Proces
pozyskiwania przez Hollywood obiecujących europejskich reżyserów jest
zjawiskiem naturalnym. Jednak nie zawsze wiąże się to z sukcesem artystycznym, czy utrzymaniem przez twórców wysokiej jakości ich produkcji. Tym razem romans Michaela R. Roskama z kinem amerykańskim przyniósł efekty najwyższych lotów, bez
najmniejszego uszczerbku na tejże jakości. Tajemnica tego sukcesu przede
wszystkim w jego osobie, jednakowoż zaadaptowany na potrzeby opisywanego obrazu
tekst Dennisa Lehane'a (Mystic River, Shutter Island) odegrał w tej układance równie istotną
rolę. Nie będę się w tym miejscu rozpisywał ile razy dobry scenariusz był
sprowadzany do poziomu bruku poprzez indolencje reżyserską, czy kwadratowe
kreacje aktorskie. Tu i teraz przecież mowa o produkcji, która we wszelkich
aspektach na komplementy zasługuje. Dzięki kolejnej wybornej roli Toma
Hardy’ego, który to już ładnych od kilku lat intensywnie idzie przebojem poprzez ekrany kinowe, odwalając za każdym razem kapitalną robotę (nieważne drugoplanową czy
epizodyczną jak w przypadku Tinker Tailor Soldier Spy, pierwszoplanową Lawless, Warrior, a
ostatnio Locke) oraz towarzystwu równie efektownie przekonującego Matthiassa Schoenaertsa i ostatni raz
na ekranie królującego Jamesa Gandolfiniego. Dzięki nim wszystkim poczułem, że
na taki kryminał od dłuższego czasu czekałem, gdzie akcja zawiązywana ospale, a
w drodze do kapitalnego finału oszczędnie karty są odkrywane. Napięcie
systematycznie rośnie, nawet przez chwilę pomimo braku spektakularnych
fajerwerków realizacyjnych nie opadając. Uwielbiam takie kino, w którym zamiast
prostackiej dosłowności wszystko w gęstej atmosferze domysłów spowite.

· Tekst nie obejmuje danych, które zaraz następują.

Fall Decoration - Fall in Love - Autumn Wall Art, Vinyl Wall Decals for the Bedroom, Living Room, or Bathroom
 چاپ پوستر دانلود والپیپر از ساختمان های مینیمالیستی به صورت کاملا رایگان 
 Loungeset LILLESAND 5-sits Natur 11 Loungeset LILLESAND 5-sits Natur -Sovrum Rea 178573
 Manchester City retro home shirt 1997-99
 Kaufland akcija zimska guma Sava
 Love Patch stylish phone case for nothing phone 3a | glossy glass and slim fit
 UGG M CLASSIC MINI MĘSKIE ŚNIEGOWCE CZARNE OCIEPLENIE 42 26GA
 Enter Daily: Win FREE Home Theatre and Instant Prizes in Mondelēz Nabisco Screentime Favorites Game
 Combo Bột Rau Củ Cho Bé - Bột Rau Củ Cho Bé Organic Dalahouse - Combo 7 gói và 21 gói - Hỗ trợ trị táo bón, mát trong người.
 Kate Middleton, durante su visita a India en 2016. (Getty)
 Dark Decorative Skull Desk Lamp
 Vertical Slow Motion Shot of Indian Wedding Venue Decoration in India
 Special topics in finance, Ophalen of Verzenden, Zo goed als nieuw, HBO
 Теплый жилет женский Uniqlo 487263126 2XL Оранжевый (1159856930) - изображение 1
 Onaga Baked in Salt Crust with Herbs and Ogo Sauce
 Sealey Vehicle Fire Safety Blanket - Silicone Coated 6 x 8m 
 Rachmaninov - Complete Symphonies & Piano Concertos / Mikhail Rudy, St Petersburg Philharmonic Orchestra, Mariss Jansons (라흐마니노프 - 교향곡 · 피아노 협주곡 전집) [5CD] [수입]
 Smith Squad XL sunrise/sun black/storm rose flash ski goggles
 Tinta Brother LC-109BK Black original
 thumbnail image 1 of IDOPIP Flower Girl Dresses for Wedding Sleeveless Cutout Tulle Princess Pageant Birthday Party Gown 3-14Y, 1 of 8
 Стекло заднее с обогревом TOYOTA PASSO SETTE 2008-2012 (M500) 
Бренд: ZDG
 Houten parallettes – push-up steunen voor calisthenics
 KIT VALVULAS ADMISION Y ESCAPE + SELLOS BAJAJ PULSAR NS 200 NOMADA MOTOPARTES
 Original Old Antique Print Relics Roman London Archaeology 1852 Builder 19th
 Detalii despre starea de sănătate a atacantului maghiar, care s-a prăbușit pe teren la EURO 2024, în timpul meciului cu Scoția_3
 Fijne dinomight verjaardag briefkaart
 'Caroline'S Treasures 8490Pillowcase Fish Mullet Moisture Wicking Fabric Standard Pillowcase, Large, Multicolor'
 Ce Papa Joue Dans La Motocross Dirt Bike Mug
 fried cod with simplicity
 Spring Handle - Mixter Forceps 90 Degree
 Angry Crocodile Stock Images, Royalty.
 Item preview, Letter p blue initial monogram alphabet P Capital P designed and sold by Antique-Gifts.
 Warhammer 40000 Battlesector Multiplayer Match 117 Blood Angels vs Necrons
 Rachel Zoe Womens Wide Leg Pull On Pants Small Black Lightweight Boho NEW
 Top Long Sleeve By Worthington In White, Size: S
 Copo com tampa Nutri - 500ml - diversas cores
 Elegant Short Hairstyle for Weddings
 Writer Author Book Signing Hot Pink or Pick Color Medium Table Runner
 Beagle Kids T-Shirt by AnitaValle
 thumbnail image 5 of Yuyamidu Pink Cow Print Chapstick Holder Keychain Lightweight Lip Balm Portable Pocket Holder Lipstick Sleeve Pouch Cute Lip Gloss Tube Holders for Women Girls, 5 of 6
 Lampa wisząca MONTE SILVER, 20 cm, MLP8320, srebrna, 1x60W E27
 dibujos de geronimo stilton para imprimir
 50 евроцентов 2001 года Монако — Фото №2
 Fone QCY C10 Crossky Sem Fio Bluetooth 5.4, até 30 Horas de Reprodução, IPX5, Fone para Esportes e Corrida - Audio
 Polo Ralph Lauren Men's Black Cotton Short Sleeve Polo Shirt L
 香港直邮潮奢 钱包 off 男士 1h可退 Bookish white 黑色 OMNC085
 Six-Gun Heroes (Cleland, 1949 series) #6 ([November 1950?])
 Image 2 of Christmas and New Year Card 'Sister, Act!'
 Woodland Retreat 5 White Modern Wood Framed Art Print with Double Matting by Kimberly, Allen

Bohaterowie nie są przejaskrawieni, a ich ocena moralna w żadnym stopniu
czarno-biała. Oni po gwałtownych przejściach życiowych, z zagmatwaną
przeszłością i niejasną teraźniejszością. I ta puenta tą ucztę zamykająca - są grzechy,
których nie można odkupić, są ludzie, po których nie wiadomo czego można się spodziewać.